Dataset excerpts

---+---

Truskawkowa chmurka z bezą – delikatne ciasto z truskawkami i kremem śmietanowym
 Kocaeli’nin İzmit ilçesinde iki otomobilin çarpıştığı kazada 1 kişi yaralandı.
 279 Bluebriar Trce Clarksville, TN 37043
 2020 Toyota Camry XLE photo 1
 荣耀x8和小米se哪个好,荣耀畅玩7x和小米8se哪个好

---+---

◆ Brief:
The answer should consist only of the lines from the one with "2020 Toyota Camry XLE photo 1" to the final line of the records above, retyped word for word.

◆ Response to this task:
 2020 Toyota Camry XLE photo 1
 荣耀x8和小米se哪个好,荣耀畅玩7x和小米8se哪个好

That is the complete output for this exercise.